Leveraging Equilibrium Polymerization Thermodynamics to Produce New Materials from Stubborn Monomers

A launch-point for potentially transformative materials is the synthetic design of polymer microstructures capable of offering precise and unique branch periodicities outside of those provided by traditional monomers and methods. The concept of using low ring strain cycloolefin monomers, such as cyclopentenes, for enthalpy-driven ring- opening metathesis polymerization (ROMP) is contradictory since the release of ring-strain is the driving force for success. Our research has leveraged thermodynamic principles to gain near living-like control and high conversion from variable temperature (VT)-ROMP of these systems. We have now carried this success forward to instill more precise architectural complexities such as highly isotactic and regioregular systems, precision polyelectrolytes, and bottlebrush polymers with precise five-carbon branch periodicities. Our findings on the efficacy of targeted materials and their properties will be discussed.

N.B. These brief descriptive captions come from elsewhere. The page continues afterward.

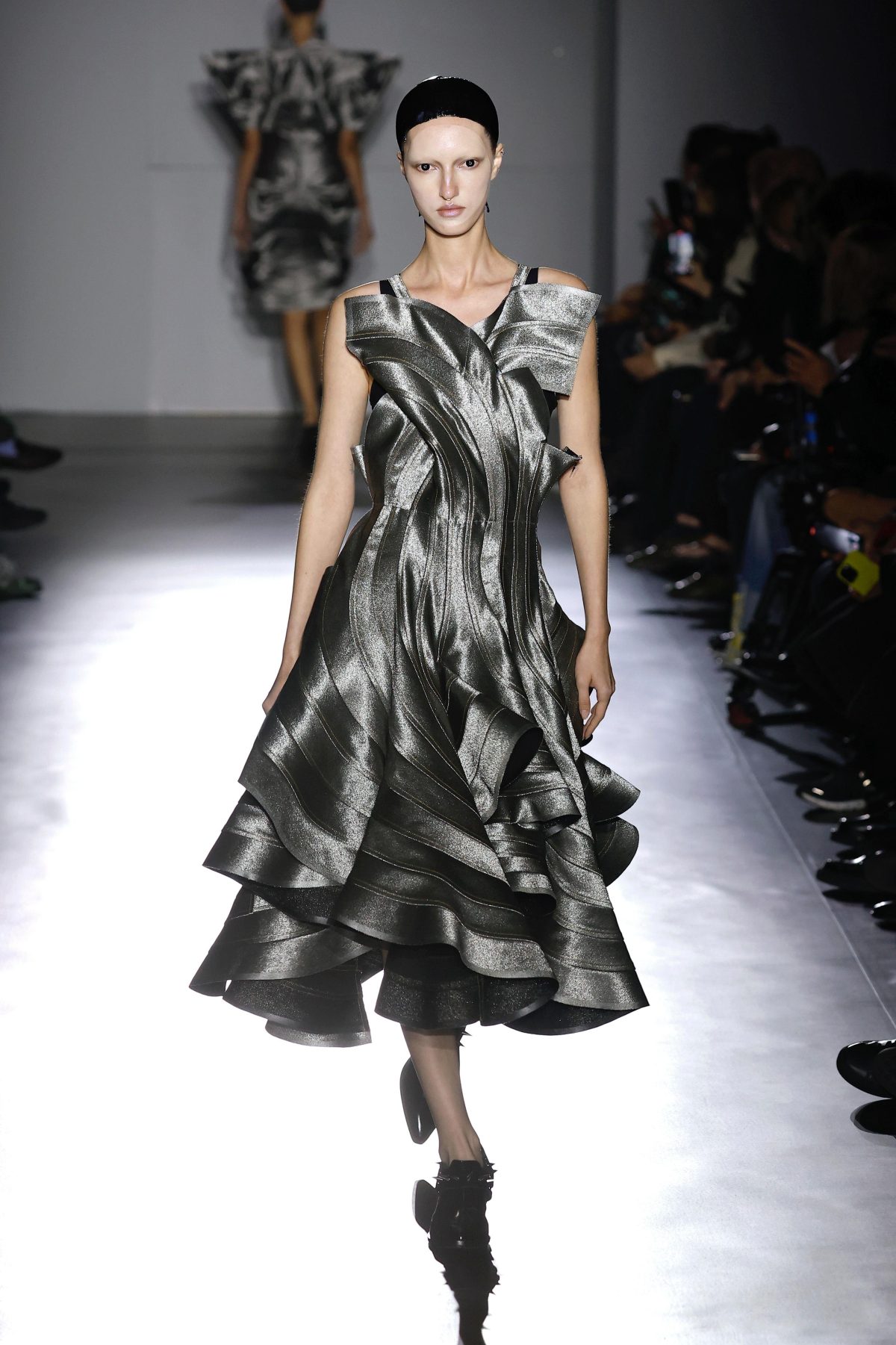 Galleria foto 'Estetica a contrasto nella sesta giornata di Paris Fashion Week' - foto 13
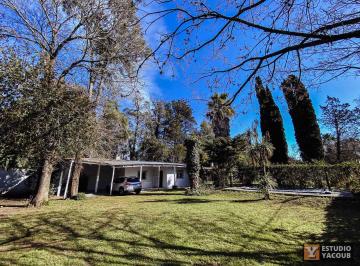 Casa · 60m² · 2 Ambientes · 2 Cocheras · Casa en Venta - 1 Dormitorio 1 Baño - Cochera - 80 m² - Arturo Seguí, La Plata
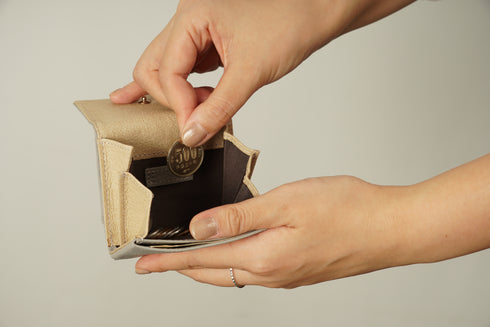 シュリンク 二つ折れミニ財布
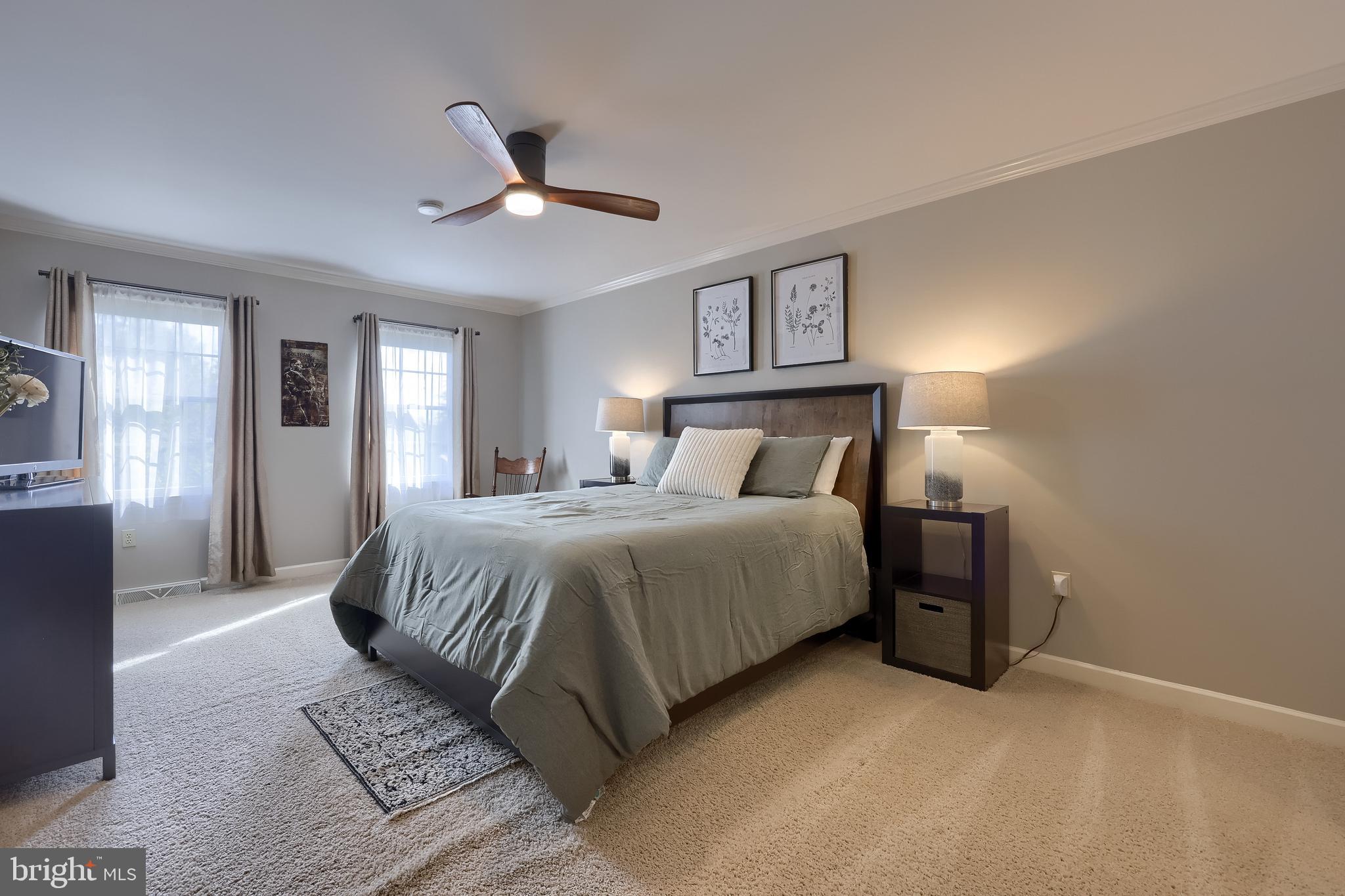 WOODS EDGE - Residential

Biography: Dr. Justin G. Kennemur graduated from Radford University, VA (B.S. Chemistry, 2002) then worked in industry for three years at Polymer Solutions Incorporated in Blacksburg, VA as an Analytical Polymer Chemist. He received a Ph.D. in Polymer Chemistry at North Carolina State University in 2010 under the advisement of Professor Bruce M. Novak. After a post-doctoral appointment at the University of Minnesota co-advised by Professors Marc A. Hillmyer and Frank S. Bates, he began his independent career in the Department of Chemistry and Biochemistry at Florida State University in August of 2014. As a principle investigator, JGK has received an ACS-PRF Doctoral New Investigator Award (2015), the NSF CAREER Award (2018) and was awarded as a 2018 ACS PMSE Young Investigator. He is also particularly proud of receiving the 2017-2018 Florida State University Undergraduate Teaching Award, a student driven award, for his efforts in organic chemistry instruction.